Why did shares do well despite a weak economy?
Let’s take a look at how investment markets have done over the last financial year.
A good but strange year for shares
Last year was an odd one for share markets. While returns were strong – Australian shares returned 11.5% and international shares 6.6% – most overseas share markets were softer.
Even more curious was that share prices rose both in Australia and overseas despite the deterioration in economic fundamentals. Average earnings growth in Australia over the last 12 months was positive, but low, and the market is expecting the next 12 months to be even weaker.
So why are share prices high even though the earnings outlook isn’t great? Well, it’s all to do with changing interest rates.

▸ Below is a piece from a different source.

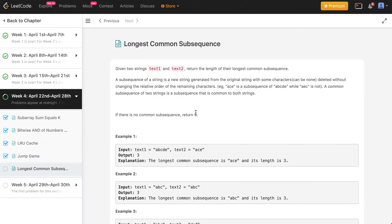Greetings everyone! This is Naonexpert here, back again with another video. Today we are going to be solving problem number 26 of our weekly LeetCode challenge. The problem given to us today is the Longest Common Subsequence problem. If you want to try solving this on your own, you can pause this video and check out the LeetCode link in the description below.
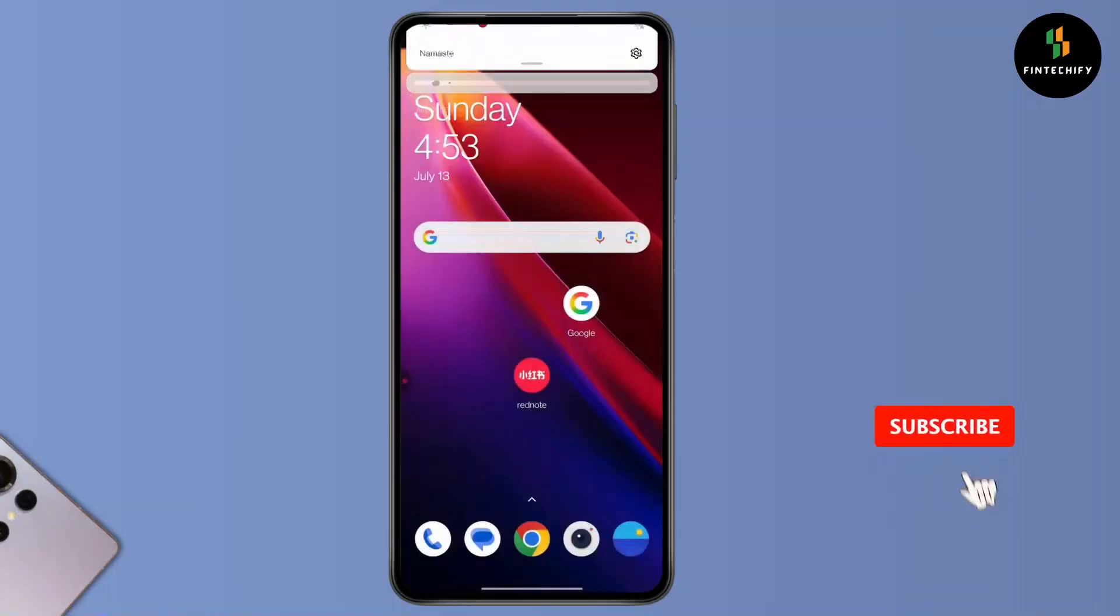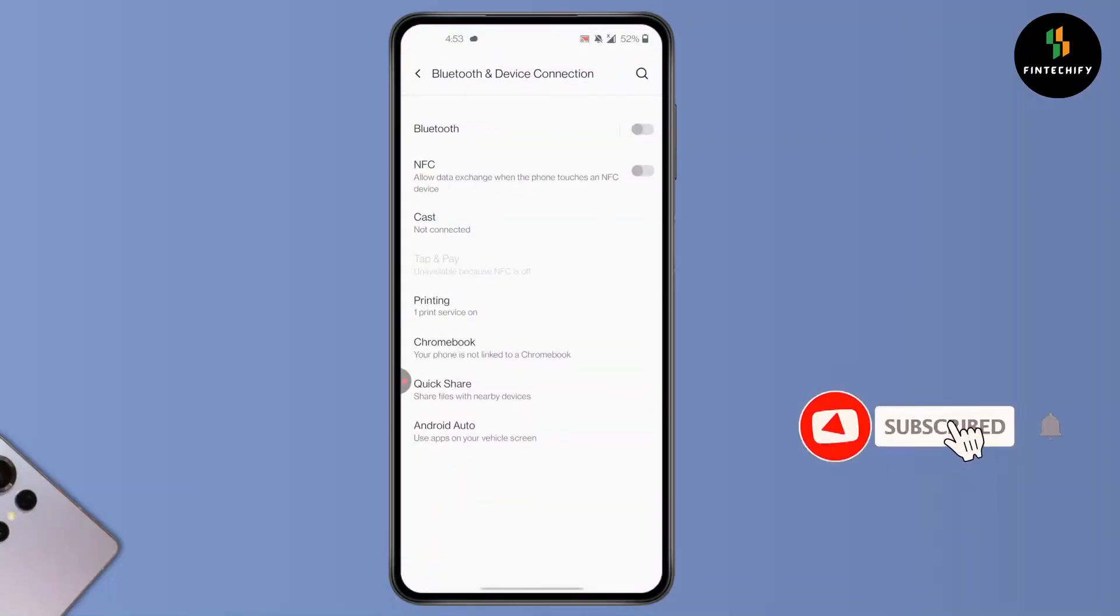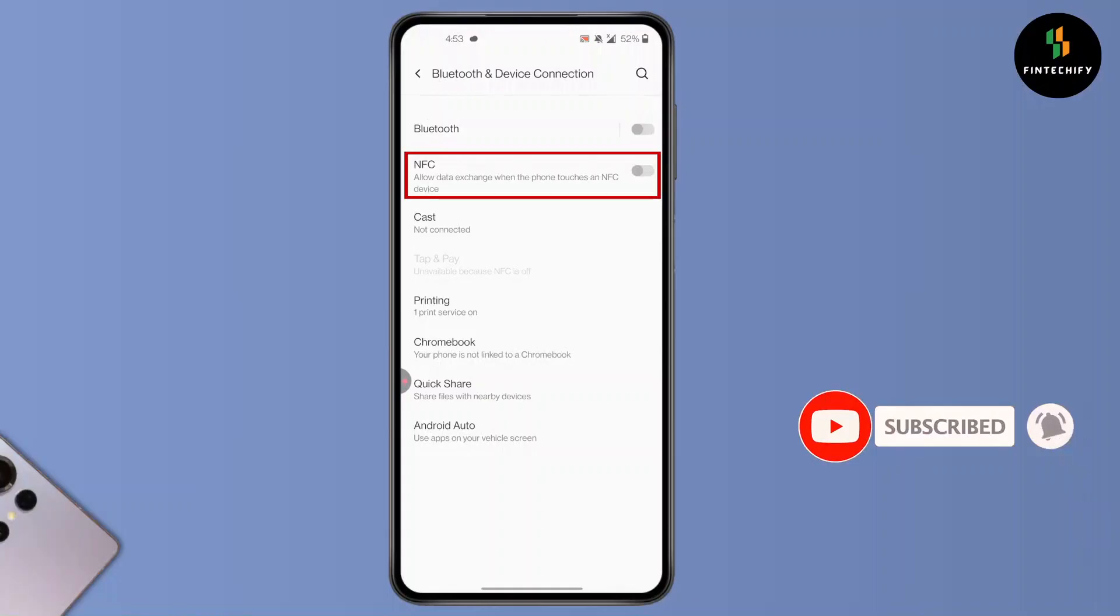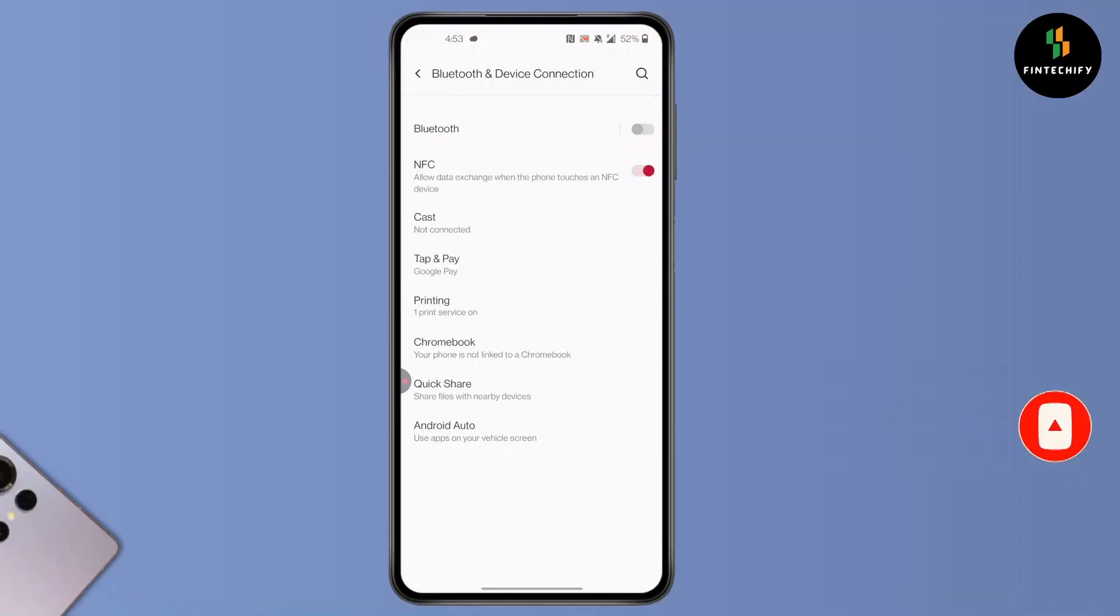After that, you'll find NFC in here. Simply click on NFC to turn it on. As you can see, it allows data exchange when the phone touches an NFC device. Now, what you need to do is simply hold your RFID card near your phone where your NFC can detect it.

Central banks ‘flip-flop’ on rates
Through the first six months of the financial year, central banks around the world were responding to above-average growth conditions by reducing the amount of stimulus to the economy. That is, they raised interest rates.
But this probably had a greater impact on growth than expected, so by Christmas time, with share markets down 15-20% from their peak, central banks quickly reversed their policies and began easing rates.
Australia's Reserve Bank followed suit, cutting rates by a quarter per cent in both June and July, taking the cash rate to a record low of just 1%.
This has been a great environment for defensive assets like Australian bonds, which returned 9.5%% for the year.
So is bad news really good news?
It’s surprising just how well growth assets like shares have performed over this period. Perhaps investors are comfortable that central banks will turn economic growth around, or they feel that in a low interest rate environment, they have to chase returns in other types of assets.
Either way, we’ve seen a strange combination of bad economic news translating into higher share prices – or good news for share markets.
But there’s a limit to bad news being seen as good news. We’ve already seen that tensions around trade and geopolitics can cause volatility, so it’s pretty clear that the share market doesn’t think a trade war is good news!
And if the market starts to worry about rising rates, or that central banks can't hold off a recession, then it could be bad news all round.
What does all that mean for me?
If you’re approaching retirement, or you’re on a pension, having a plan to manage market volatility is part of retiring well. Make sure you have a properly diversified portfolio. And don’t over-react to the "bad-news-good-news" roller coaster. That should help to keep you on track.